Your answer must be a word-for-word copy of the listing, with all pictures excluded.

* [GIVEN INFORMATION]
+ + + + + + +
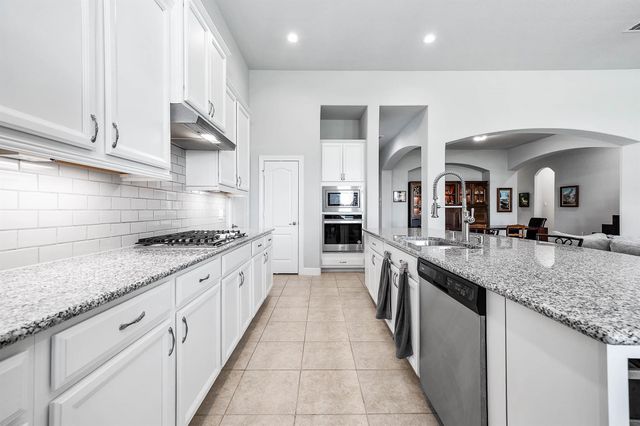 1345 Laurel Loop, Angleton, TX 77515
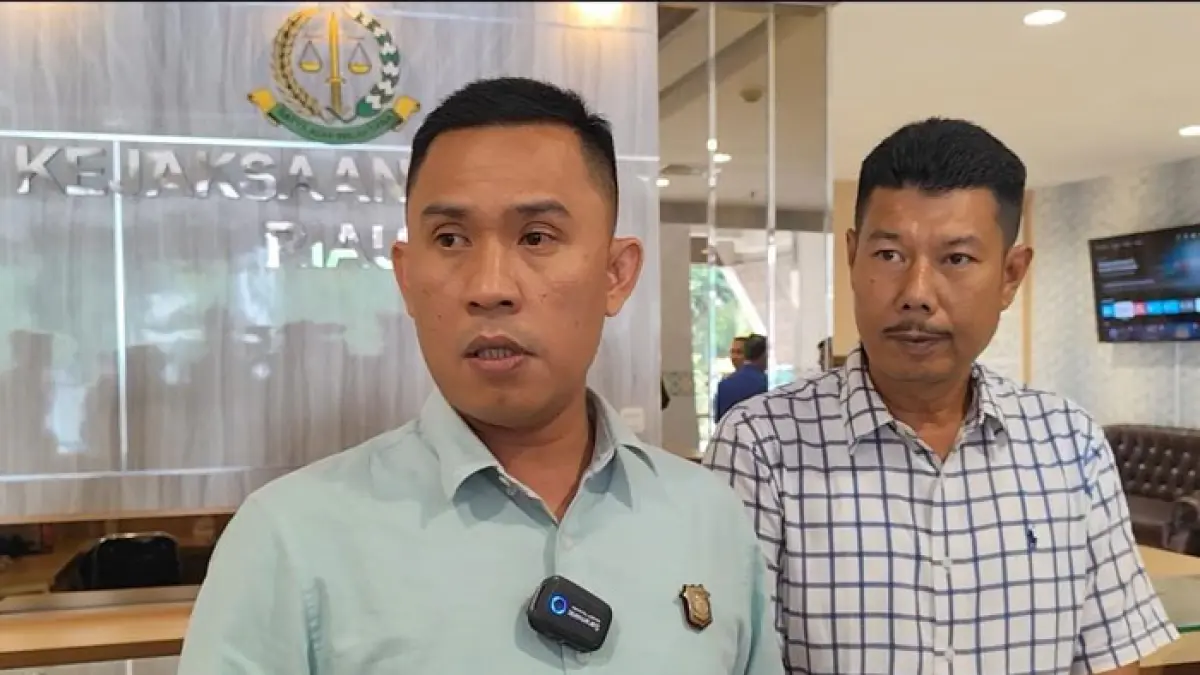 Kepala Seksi Penerangan Hukum dan Humas Kejati Riau Zikrullah (kiri) memberikan keterangan pers di Kejati Riau pada Kamis (6/8/2026). (Hendrawan Kariman/Riaupos.co)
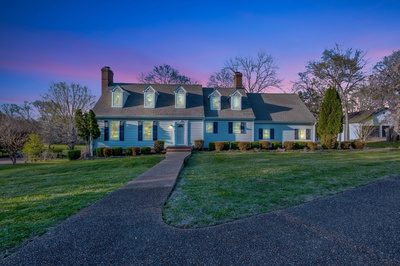 121 Grassland Dr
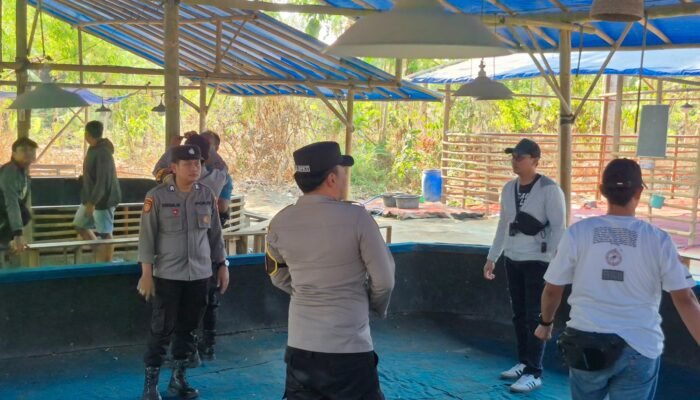 Digerebek Polisi, Arena Diduga Sabung Ayam di Srengat Sudah Kosong, Perlengkapan Dibakar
+ + + + + + +
* [WRITTEN SOLUTION]
 1345 Laurel Loop, Angleton, TX 77515
 Kepala Seksi Penerangan Hukum dan Humas Kejati Riau Zikrullah (kiri) memberikan keterangan pers di Kejati Riau pada Kamis (6/8/2026). (Hendrawan Kariman/Riaupos.co)
 121 Grassland Dr
 Digerebek Polisi, Arena Diduga Sabung Ayam di Srengat Sudah Kosong, Perlengkapan Dibakar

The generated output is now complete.